Work instructions —
Print the lines of the data, starting with the first, up to and including the line where "Holiday Party Decorations" appears.

Dataset excerpts —
>>

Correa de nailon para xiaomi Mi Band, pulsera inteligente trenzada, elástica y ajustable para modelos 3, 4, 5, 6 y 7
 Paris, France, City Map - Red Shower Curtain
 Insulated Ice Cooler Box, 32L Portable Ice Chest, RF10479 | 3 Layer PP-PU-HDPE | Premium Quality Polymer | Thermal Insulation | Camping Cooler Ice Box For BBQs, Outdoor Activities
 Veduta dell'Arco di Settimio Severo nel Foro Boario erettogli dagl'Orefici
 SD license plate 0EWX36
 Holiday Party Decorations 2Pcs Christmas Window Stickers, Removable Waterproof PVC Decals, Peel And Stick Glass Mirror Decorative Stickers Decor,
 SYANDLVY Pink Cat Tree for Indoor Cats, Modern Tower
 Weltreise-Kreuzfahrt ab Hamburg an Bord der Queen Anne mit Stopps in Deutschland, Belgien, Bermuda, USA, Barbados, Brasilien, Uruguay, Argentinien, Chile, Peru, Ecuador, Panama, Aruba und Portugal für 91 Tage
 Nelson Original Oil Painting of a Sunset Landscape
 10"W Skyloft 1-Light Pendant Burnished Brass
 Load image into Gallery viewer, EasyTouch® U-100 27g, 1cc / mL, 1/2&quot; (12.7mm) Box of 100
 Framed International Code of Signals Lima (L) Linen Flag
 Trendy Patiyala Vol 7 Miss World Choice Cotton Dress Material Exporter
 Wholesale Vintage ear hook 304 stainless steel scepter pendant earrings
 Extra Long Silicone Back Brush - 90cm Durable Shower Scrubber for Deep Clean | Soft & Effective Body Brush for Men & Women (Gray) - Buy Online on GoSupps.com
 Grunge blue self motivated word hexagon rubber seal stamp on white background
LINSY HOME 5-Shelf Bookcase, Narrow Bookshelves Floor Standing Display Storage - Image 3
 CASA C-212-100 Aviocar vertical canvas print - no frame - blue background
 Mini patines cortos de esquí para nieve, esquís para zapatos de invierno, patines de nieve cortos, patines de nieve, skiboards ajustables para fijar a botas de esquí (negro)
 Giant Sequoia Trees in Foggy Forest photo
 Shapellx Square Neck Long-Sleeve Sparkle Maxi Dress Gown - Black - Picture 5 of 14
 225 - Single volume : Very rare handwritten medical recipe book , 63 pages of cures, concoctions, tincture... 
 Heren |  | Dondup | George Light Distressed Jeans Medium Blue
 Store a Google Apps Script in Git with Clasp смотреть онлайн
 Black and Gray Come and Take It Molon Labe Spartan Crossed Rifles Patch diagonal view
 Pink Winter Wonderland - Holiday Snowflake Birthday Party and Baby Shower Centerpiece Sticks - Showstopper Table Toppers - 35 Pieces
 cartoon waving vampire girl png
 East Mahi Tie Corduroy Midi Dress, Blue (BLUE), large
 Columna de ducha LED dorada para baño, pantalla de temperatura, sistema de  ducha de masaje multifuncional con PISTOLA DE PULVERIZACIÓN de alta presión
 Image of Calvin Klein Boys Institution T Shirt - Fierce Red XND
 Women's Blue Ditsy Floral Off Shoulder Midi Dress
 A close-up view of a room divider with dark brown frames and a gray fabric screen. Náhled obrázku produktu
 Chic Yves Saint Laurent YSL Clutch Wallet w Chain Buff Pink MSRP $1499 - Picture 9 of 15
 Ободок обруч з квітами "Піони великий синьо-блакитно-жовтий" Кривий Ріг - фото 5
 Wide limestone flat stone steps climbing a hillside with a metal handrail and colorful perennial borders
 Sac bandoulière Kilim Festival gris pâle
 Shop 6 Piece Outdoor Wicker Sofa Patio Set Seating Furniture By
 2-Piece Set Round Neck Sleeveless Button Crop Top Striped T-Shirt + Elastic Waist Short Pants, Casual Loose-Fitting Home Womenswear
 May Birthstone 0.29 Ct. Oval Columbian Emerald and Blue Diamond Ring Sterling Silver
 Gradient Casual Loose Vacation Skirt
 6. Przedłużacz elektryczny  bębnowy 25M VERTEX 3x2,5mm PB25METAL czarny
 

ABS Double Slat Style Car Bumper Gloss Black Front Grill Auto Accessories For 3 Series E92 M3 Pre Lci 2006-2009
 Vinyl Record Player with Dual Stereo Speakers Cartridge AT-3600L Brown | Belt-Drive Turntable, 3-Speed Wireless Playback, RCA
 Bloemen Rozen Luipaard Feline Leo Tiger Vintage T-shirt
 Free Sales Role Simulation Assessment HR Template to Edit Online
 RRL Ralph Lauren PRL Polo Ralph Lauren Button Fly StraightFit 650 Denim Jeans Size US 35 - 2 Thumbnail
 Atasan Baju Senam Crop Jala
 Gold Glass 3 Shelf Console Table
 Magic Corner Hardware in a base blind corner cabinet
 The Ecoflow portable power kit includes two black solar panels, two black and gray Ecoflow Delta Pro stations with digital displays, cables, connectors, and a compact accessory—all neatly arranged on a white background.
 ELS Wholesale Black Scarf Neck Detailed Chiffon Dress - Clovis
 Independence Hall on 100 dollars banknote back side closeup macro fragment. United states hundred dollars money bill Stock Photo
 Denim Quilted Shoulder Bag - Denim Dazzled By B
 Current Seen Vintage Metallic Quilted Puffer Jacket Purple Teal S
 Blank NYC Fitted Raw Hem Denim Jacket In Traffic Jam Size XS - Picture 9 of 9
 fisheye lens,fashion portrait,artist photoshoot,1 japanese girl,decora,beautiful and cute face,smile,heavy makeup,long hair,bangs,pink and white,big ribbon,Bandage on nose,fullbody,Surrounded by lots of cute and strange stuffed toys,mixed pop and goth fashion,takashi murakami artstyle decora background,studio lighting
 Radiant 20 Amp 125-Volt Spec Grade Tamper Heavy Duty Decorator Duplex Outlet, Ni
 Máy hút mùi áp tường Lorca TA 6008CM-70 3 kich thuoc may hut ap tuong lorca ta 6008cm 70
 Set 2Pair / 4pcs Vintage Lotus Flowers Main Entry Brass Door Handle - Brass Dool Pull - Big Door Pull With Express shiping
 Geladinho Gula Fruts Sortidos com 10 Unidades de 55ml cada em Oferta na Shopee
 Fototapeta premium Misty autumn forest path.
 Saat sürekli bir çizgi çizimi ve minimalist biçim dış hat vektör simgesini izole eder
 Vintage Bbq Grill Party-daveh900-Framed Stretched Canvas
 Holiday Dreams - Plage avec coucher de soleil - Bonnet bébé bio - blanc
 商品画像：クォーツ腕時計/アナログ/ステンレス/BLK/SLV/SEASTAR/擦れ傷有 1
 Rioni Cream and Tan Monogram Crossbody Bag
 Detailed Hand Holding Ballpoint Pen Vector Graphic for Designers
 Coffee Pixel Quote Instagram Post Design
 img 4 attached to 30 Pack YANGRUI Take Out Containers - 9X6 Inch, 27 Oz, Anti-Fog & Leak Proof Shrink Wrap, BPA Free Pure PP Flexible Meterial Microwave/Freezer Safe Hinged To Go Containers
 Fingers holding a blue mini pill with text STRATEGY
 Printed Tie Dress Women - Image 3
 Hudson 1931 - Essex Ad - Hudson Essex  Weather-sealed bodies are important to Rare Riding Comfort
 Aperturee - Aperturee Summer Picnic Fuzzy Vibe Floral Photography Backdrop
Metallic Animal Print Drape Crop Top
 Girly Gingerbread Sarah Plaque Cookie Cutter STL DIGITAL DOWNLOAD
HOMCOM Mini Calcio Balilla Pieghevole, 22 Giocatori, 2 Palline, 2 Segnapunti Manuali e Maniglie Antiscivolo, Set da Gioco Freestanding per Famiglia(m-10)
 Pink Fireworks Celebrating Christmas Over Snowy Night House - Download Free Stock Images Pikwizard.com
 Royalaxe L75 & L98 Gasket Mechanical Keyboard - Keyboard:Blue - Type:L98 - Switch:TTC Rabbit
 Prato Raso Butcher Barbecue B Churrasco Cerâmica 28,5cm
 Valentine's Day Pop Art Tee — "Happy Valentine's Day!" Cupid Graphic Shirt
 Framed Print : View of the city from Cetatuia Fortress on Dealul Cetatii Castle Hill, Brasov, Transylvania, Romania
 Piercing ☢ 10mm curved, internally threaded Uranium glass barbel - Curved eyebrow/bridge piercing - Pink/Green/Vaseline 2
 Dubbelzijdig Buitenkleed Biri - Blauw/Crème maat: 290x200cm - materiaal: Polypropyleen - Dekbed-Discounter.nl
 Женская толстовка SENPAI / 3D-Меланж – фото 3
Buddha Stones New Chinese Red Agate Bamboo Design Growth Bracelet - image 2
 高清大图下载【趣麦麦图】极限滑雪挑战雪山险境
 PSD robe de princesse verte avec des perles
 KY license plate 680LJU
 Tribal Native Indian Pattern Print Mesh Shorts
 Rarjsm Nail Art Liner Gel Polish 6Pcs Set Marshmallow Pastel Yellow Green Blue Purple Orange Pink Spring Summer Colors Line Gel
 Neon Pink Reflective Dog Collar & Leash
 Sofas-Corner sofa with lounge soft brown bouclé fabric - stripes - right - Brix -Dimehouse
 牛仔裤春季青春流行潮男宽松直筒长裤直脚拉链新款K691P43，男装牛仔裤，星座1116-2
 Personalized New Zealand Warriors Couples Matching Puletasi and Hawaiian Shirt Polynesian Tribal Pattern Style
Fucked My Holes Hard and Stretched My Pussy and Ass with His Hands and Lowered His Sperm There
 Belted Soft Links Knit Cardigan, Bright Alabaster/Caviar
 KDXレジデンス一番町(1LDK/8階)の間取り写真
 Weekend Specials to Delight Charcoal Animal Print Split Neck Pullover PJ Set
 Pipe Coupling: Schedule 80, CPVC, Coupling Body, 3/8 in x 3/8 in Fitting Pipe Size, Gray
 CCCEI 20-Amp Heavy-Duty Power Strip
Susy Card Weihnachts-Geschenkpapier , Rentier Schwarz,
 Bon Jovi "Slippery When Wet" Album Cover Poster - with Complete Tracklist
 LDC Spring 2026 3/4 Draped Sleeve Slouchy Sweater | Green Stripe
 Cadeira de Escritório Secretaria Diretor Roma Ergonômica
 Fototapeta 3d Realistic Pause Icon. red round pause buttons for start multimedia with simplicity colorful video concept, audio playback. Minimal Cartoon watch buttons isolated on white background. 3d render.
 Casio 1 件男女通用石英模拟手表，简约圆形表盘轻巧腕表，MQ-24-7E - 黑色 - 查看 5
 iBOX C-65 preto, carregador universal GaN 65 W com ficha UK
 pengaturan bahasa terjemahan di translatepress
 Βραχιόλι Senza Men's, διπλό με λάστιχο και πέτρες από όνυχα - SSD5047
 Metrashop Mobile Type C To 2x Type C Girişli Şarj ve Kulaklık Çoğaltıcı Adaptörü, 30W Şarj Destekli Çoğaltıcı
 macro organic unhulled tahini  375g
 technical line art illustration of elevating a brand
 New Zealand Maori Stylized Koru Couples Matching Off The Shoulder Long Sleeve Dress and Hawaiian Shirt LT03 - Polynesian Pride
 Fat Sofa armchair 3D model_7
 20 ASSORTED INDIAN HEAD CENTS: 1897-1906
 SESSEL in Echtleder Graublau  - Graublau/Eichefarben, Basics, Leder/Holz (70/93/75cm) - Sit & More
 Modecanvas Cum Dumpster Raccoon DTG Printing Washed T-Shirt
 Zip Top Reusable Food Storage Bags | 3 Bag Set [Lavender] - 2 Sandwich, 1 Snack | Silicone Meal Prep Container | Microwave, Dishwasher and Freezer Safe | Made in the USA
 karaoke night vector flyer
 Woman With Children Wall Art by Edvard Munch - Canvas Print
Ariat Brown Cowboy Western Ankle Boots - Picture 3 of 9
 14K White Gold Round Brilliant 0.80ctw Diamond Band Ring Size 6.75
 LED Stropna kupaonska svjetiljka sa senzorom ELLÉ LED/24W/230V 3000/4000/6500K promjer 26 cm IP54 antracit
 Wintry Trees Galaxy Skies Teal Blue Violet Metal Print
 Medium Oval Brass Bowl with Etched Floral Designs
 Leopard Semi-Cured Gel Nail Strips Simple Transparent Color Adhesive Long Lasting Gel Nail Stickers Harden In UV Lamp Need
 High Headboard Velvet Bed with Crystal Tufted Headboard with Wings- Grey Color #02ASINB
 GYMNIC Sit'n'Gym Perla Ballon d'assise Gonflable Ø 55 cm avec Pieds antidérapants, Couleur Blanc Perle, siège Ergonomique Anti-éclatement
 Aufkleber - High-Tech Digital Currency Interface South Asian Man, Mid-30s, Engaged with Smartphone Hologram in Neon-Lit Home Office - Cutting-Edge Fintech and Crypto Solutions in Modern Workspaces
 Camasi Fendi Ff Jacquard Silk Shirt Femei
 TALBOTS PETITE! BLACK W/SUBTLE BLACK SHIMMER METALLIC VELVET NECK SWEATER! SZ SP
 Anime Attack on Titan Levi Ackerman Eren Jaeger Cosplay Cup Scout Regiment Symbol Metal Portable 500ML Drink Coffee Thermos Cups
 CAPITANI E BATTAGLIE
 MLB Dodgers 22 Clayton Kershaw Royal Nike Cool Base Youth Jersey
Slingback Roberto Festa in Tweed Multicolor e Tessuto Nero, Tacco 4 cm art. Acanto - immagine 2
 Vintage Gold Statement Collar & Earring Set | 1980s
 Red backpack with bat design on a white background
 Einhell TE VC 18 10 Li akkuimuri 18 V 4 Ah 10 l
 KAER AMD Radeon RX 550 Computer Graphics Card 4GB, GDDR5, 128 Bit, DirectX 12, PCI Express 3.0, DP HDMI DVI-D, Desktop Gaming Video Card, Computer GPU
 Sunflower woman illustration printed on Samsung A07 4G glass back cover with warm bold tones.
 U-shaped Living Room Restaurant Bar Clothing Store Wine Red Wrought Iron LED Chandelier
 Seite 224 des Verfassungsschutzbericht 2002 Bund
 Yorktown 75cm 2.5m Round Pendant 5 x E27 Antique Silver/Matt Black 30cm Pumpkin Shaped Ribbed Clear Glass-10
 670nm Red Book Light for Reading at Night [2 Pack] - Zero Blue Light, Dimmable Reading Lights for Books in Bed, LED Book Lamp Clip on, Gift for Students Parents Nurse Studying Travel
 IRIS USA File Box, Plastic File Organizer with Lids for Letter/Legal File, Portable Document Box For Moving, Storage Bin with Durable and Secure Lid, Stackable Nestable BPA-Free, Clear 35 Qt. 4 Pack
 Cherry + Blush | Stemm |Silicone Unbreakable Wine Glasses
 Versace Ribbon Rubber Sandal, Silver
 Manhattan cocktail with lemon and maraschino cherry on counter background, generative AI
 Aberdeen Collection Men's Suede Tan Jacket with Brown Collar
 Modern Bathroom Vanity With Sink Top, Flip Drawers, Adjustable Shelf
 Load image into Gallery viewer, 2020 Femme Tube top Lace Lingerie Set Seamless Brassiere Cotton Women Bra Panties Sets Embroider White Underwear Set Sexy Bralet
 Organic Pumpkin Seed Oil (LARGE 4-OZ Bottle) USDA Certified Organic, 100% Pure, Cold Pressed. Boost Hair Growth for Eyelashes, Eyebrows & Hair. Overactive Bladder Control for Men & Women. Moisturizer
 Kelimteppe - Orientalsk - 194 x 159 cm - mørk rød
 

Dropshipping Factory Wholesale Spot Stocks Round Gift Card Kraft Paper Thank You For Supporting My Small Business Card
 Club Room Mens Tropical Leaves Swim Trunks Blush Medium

<<

Answer section —
Correa de nailon para xiaomi Mi Band, pulsera inteligente trenzada, elástica y ajustable para modelos 3, 4, 5, 6 y 7
 Paris, France, City Map - Red Shower Curtain
 Insulated Ice Cooler Box, 32L Portable Ice Chest, RF10479 | 3 Layer PP-PU-HDPE | Premium Quality Polymer | Thermal Insulation | Camping Cooler Ice Box For BBQs, Outdoor Activities
 Veduta dell'Arco di Settimio Severo nel Foro Boario erettogli dagl'Orefici
 SD license plate 0EWX36
 Holiday Party Decorations 2Pcs Christmas Window Stickers, Removable Waterproof PVC Decals, Peel And Stick Glass Mirror Decorative Stickers Decor,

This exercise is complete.